BRIEF -
Write every record out again exactly, and keep images out of it.
Segment Start: RECORDS SHOWN
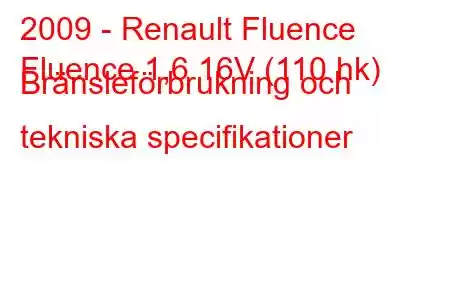 2009 - Renault Fluence
Fluence 1,6 16V (110 hk) Bränsleförbrukning och tekniska specifikationer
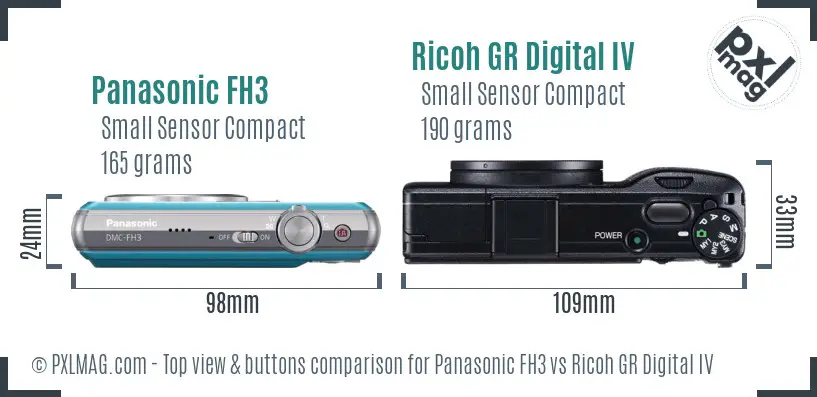 Panasonic FH3 vs Ricoh GR Digital IV top view buttons comparison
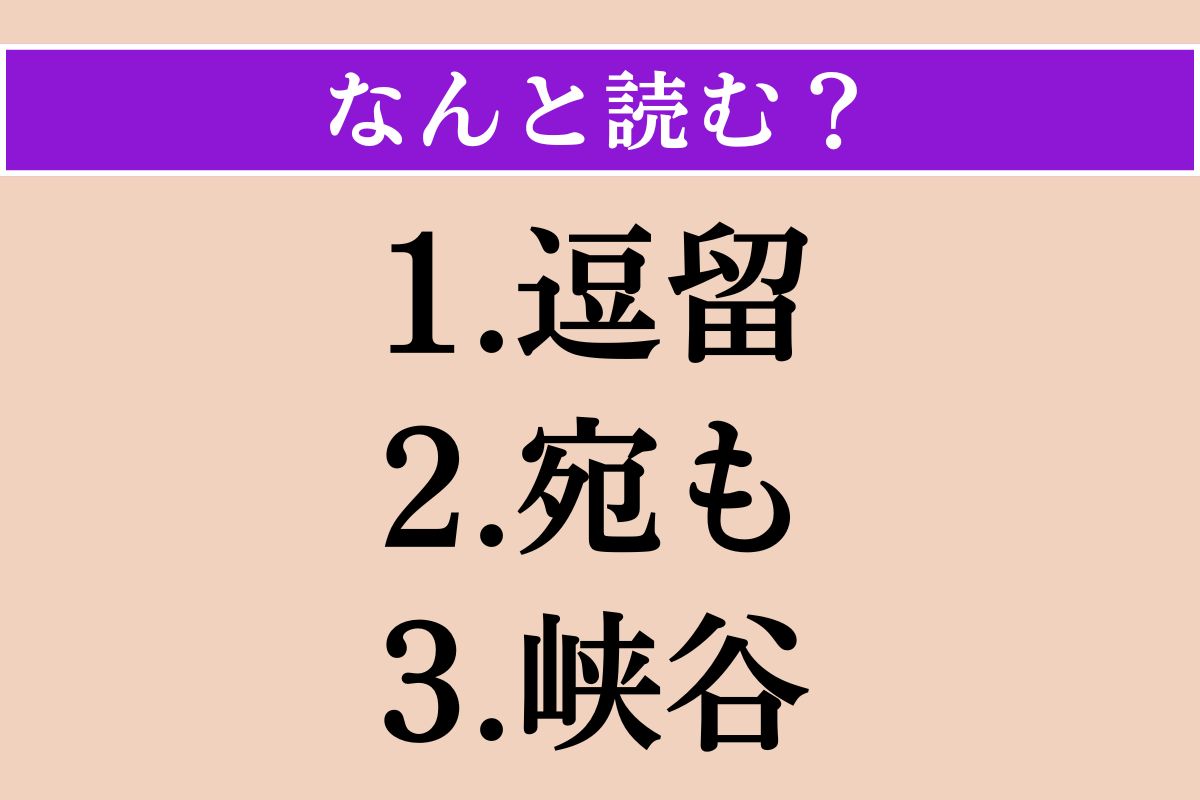 【難読漢字】「逗留」「宛も」「峡谷」読める？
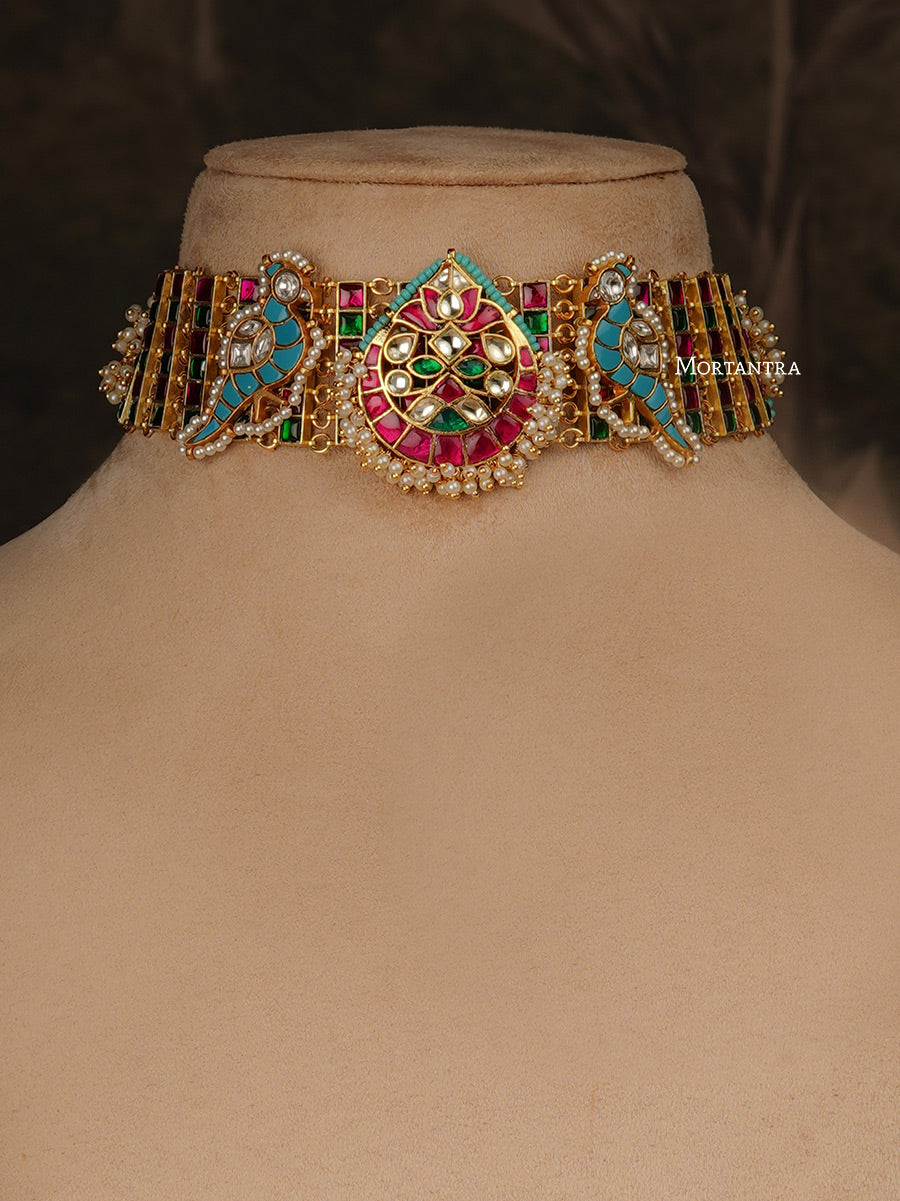 MR-S544MA - Multicolor Gold Plated Mishr Choker Necklace Set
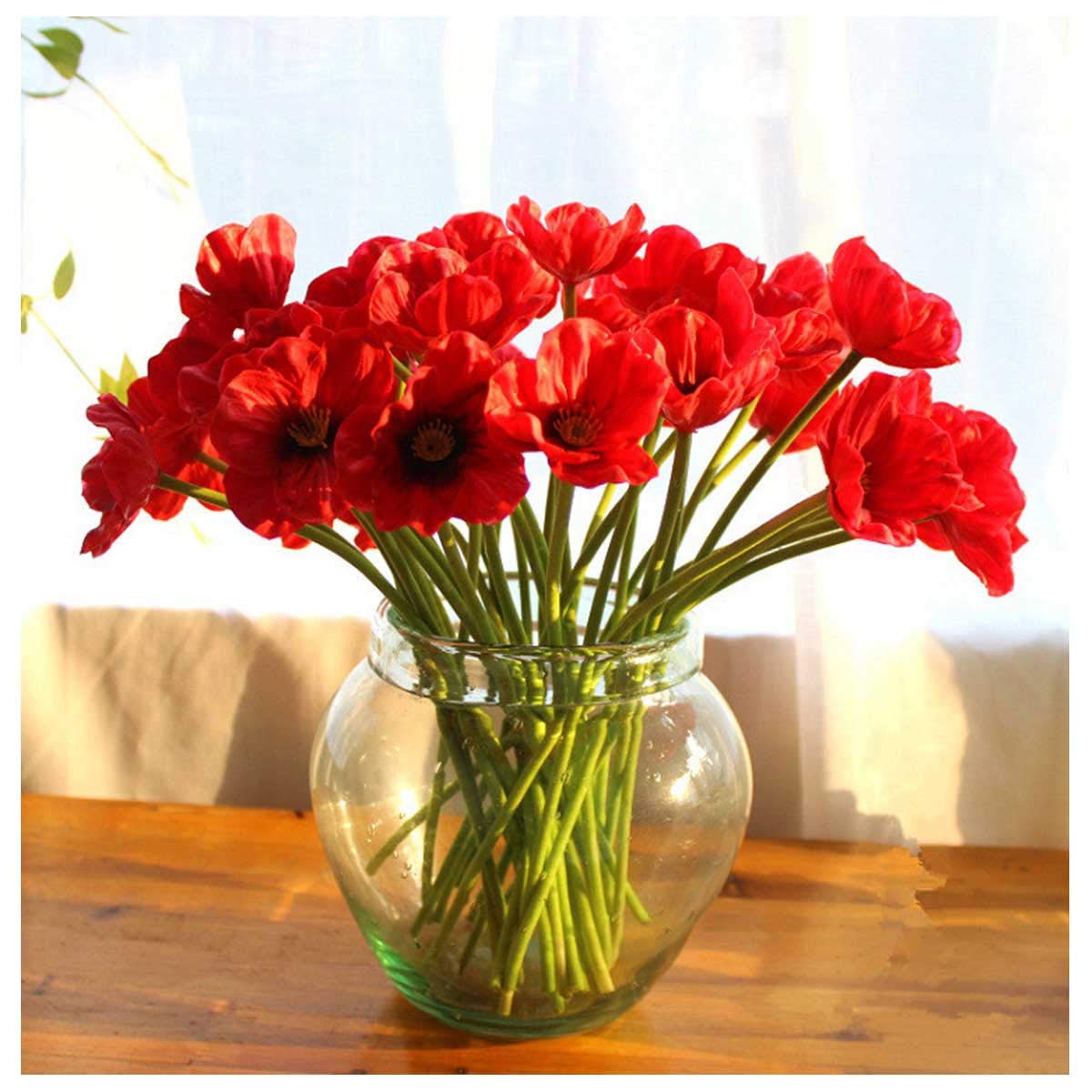 Photo 1 of 10 PCS High Quaulity Fresh Artificial Mini Real Touch PU/ latex Corn Poppies Decorative Silk fake artificial poppy flowers for Wedding holiday Bridal Bouquet Home Party Decor bridesmaid (Red)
Segment End: RECORDS SHOWN
EXERCISE RESPONSE -
 2009 - Renault Fluence
Fluence 1,6 16V (110 hk) Bränsleförbrukning och tekniska specifikationer
 Panasonic FH3 vs Ricoh GR Digital IV top view buttons comparison
 【難読漢字】「逗留」「宛も」「峡谷」読める？
 MR-S544MA - Multicolor Gold Plated Mishr Choker Necklace Set
 Photo 1 of 10 PCS High Quaulity Fresh Artificial Mini Real Touch PU/ latex Corn Poppies Decorative Silk fake artificial poppy flowers for Wedding holiday Bridal Bouquet Home Party Decor bridesmaid (Red)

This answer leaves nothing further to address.